PROBLEM TO WORK ON: Beginning at the line that contains "В края на краищата, гледането" and finishing at the line that contains "FRANTIC - PRESIDENT FREESTYLE", output the data below exactly. Include both end lines and no pictures.

RECORD EXCERPTS:
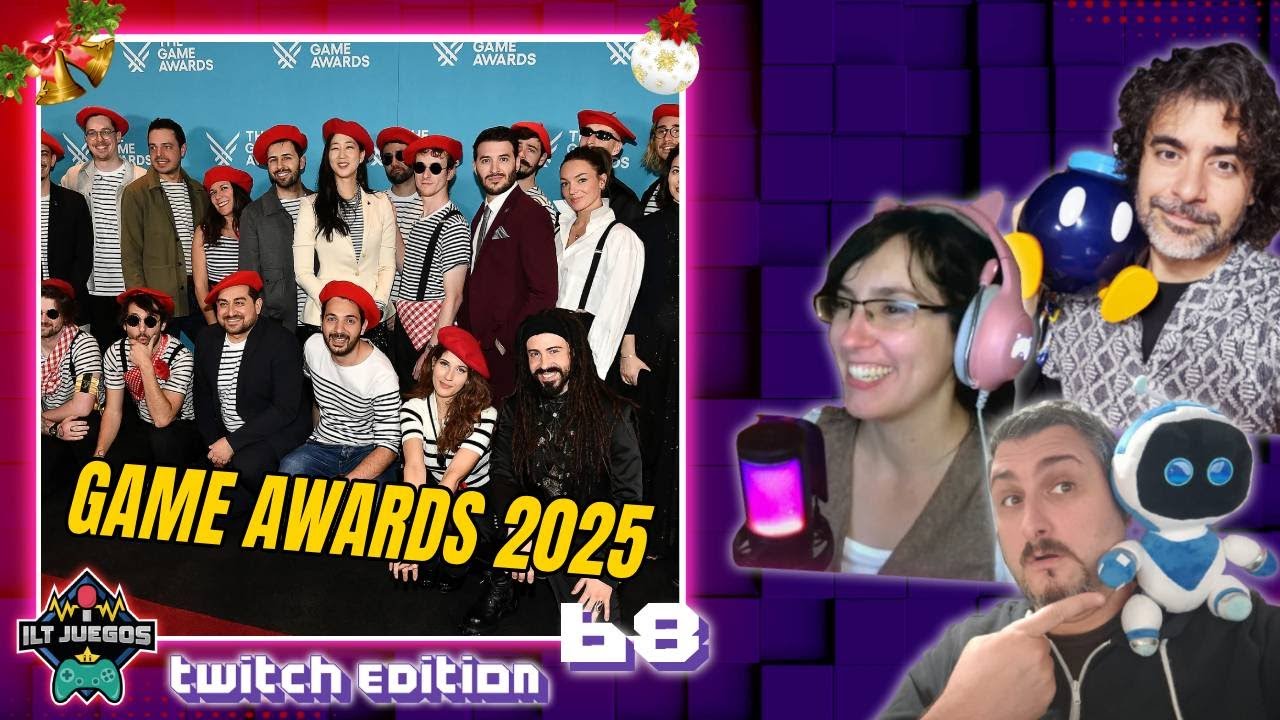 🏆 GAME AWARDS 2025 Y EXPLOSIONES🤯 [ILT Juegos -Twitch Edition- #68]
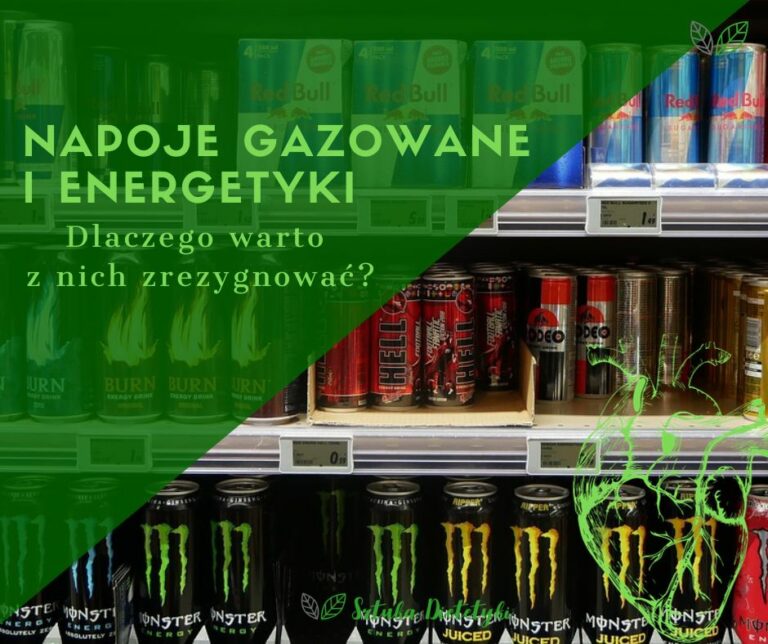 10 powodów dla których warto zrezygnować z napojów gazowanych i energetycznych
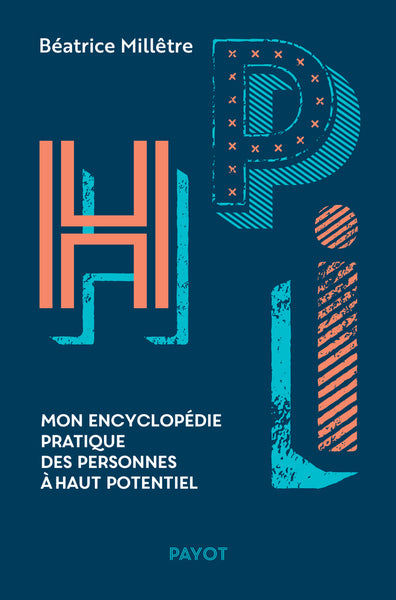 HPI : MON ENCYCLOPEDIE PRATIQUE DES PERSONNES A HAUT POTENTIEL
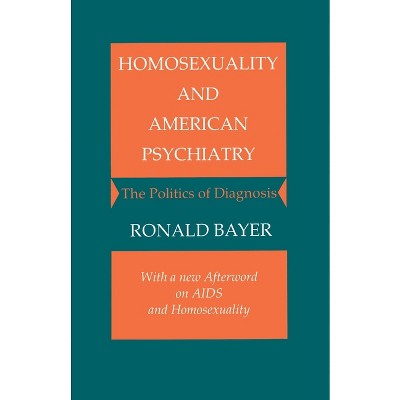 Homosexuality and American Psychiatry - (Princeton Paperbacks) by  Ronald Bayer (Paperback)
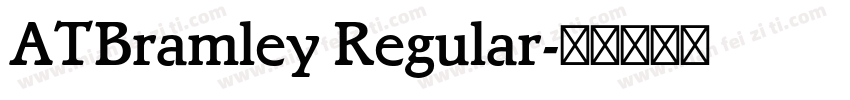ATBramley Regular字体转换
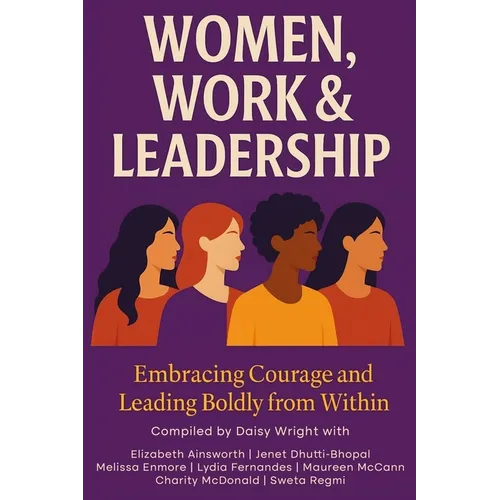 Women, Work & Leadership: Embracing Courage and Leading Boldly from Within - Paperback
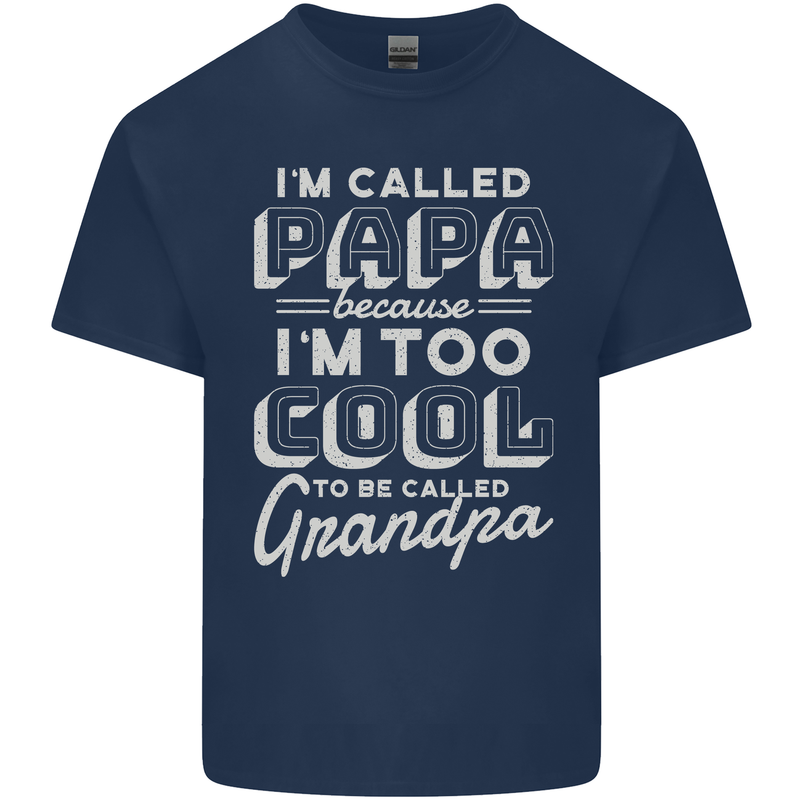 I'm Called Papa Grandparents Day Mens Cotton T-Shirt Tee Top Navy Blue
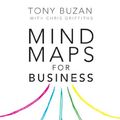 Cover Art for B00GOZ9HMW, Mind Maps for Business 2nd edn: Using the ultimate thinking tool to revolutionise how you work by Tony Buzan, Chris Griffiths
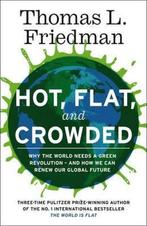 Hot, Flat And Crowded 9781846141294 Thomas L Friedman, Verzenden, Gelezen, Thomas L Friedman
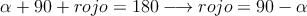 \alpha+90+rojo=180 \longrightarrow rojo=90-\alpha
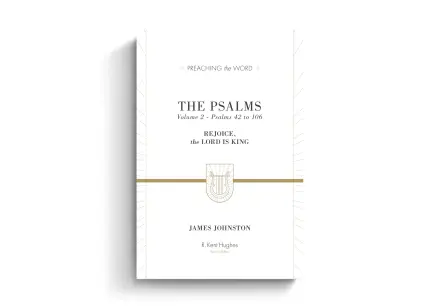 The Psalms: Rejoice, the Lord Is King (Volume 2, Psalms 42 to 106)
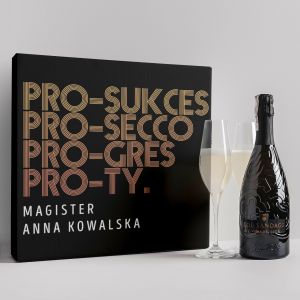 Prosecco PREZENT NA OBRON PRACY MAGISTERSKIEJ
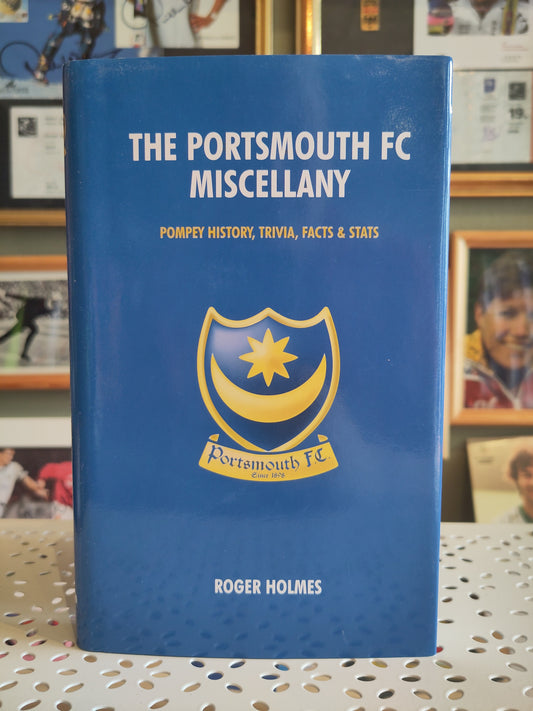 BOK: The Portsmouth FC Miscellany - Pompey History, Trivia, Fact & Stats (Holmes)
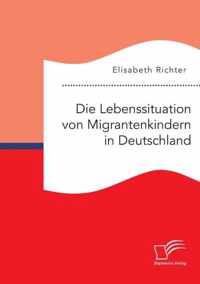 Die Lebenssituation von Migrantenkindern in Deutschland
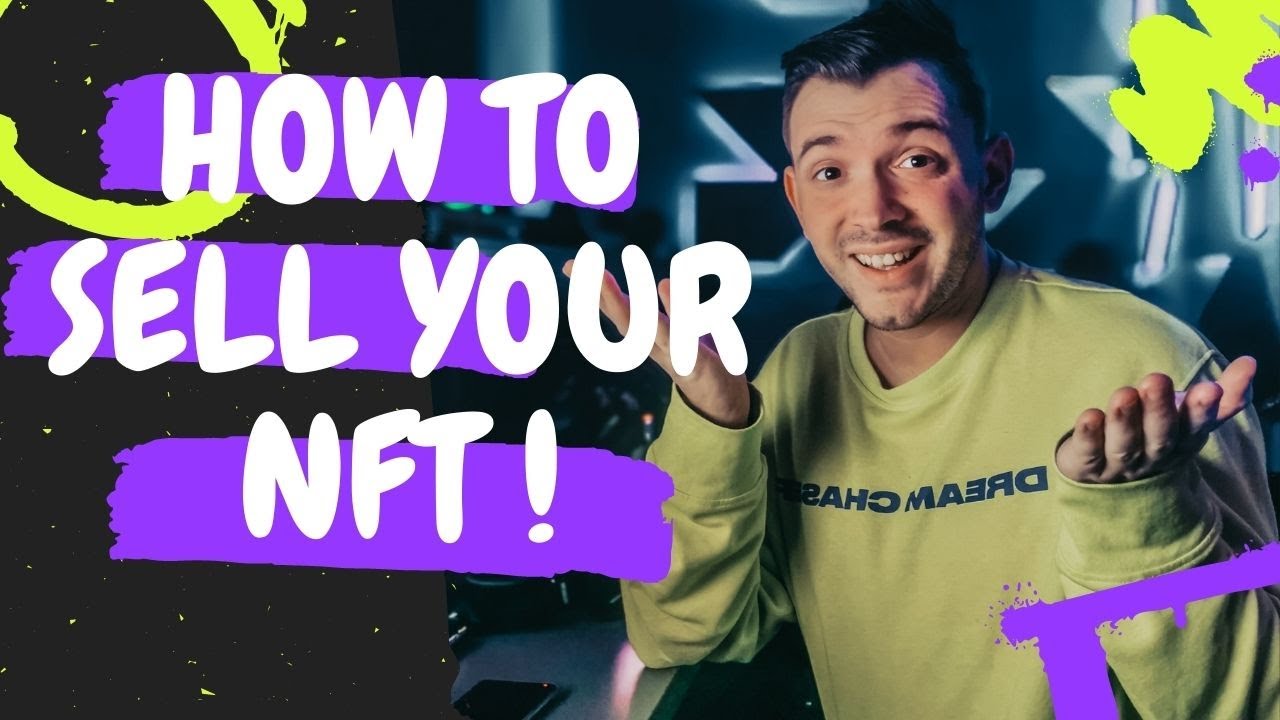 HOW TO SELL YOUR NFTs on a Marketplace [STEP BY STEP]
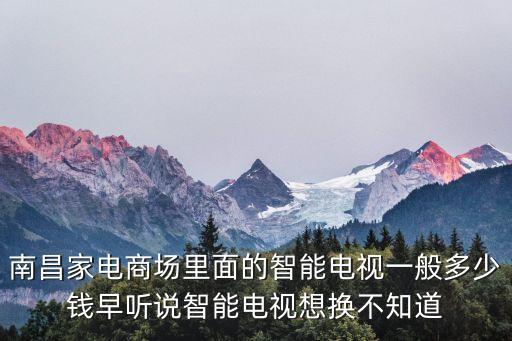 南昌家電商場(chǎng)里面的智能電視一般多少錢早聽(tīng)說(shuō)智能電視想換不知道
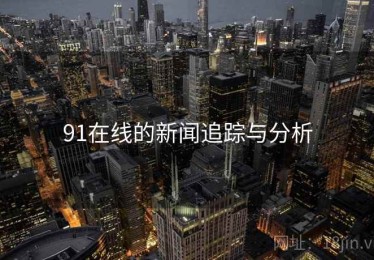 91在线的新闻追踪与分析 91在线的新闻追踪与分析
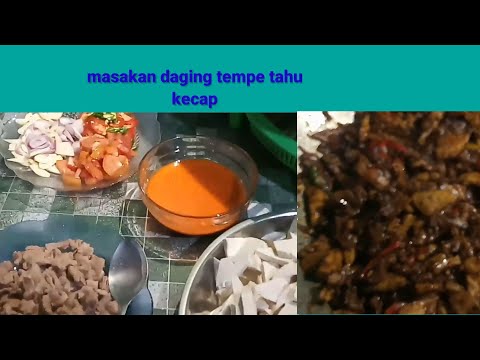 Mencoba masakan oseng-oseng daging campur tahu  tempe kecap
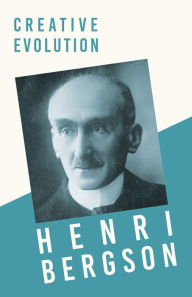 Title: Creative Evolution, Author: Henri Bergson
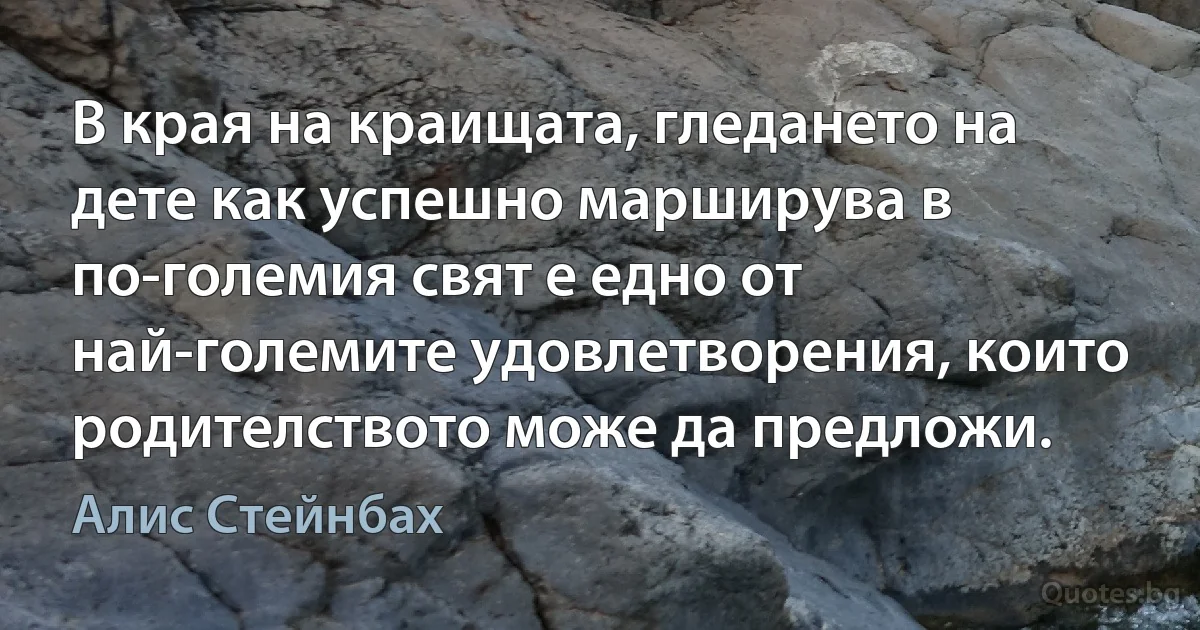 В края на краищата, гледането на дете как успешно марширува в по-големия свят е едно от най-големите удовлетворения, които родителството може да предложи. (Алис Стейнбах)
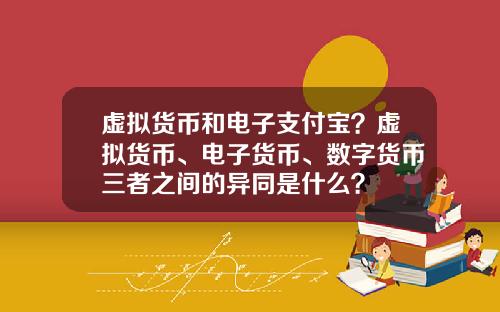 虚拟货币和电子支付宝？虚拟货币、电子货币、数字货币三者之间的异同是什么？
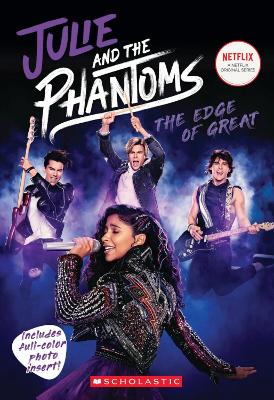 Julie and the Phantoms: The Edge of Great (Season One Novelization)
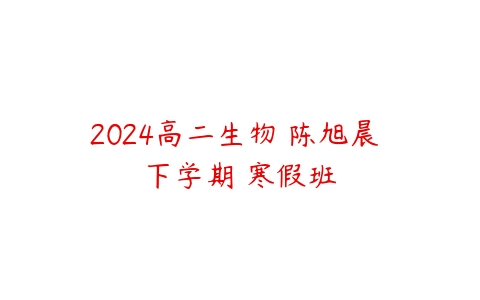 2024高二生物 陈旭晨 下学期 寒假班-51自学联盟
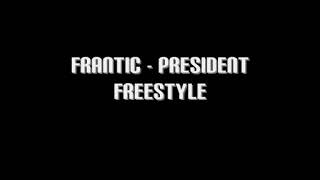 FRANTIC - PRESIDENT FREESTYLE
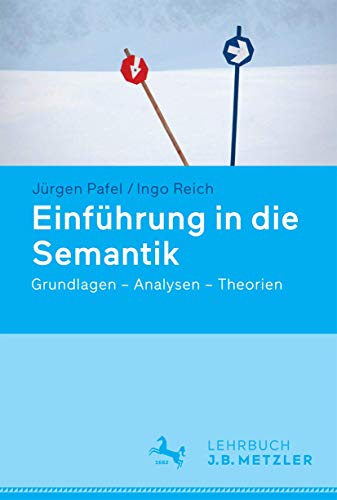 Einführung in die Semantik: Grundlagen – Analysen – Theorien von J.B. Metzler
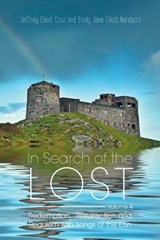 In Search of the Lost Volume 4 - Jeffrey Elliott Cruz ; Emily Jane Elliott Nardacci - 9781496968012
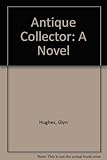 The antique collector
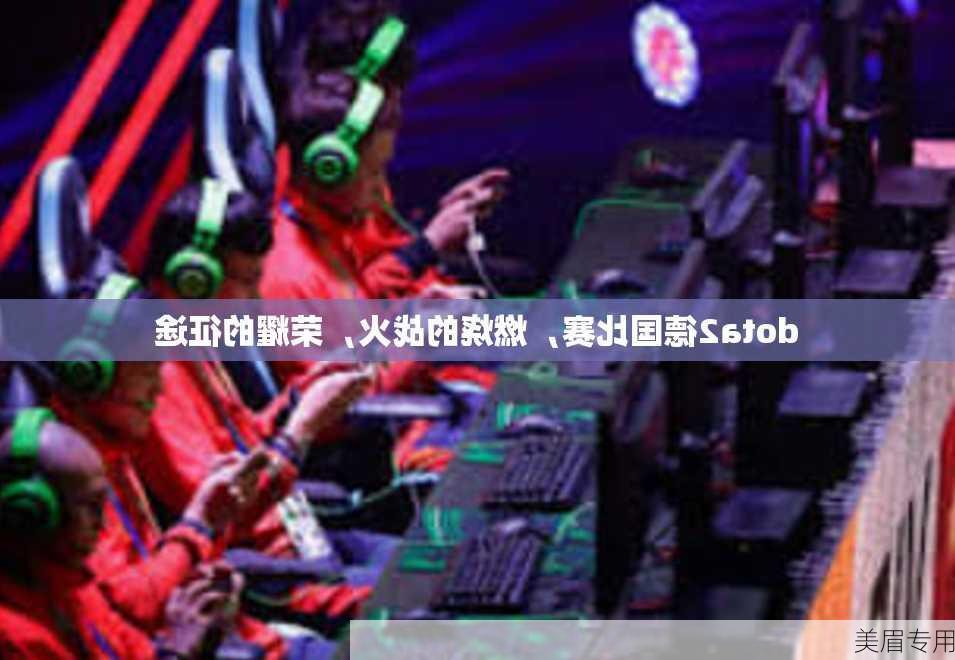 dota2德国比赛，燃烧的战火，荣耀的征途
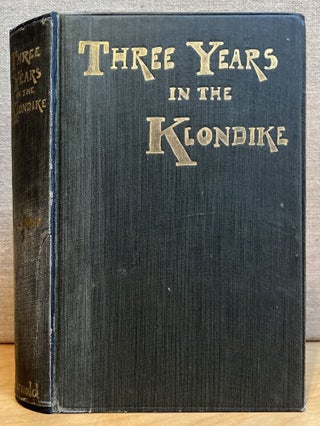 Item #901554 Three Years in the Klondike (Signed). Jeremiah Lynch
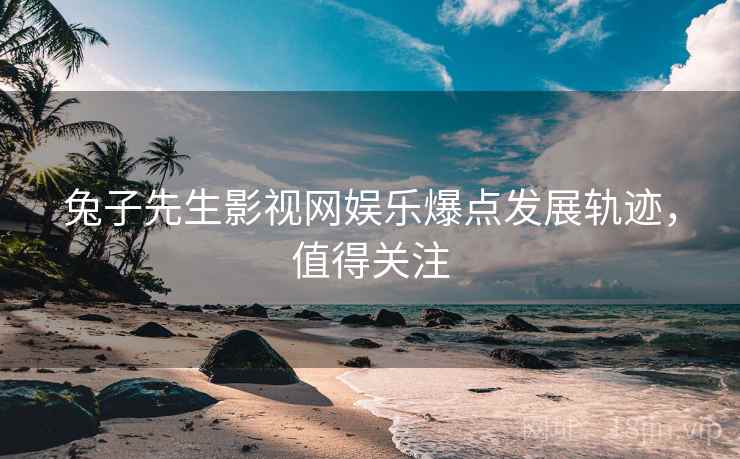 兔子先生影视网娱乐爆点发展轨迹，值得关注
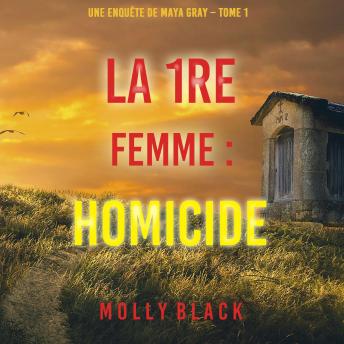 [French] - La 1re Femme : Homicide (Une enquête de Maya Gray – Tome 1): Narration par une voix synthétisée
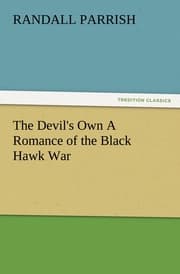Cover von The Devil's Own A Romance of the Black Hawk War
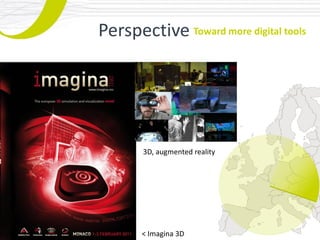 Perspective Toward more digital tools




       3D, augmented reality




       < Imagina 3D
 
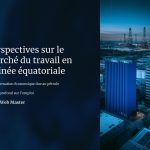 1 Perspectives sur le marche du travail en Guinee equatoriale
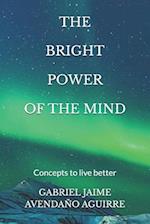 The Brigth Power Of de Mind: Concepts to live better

OUTPUT OF THE EXERCISE:
 В края на краищата, гледането на дете как успешно марширува в по-големия свят е едно от най-големите удовлетворения, които родителството може да предложи. (Алис Стейнбах)
 虚拟货币和电子支付宝？虚拟货币、电子货币、数字货币三者之间的异同是什么？
 Julie and the Phantoms: The Edge of Great (Season One Novelization)
 2024高二生物 陈旭晨 下学期 寒假班-51自学联盟
 FRANTIC - PRESIDENT FREESTYLE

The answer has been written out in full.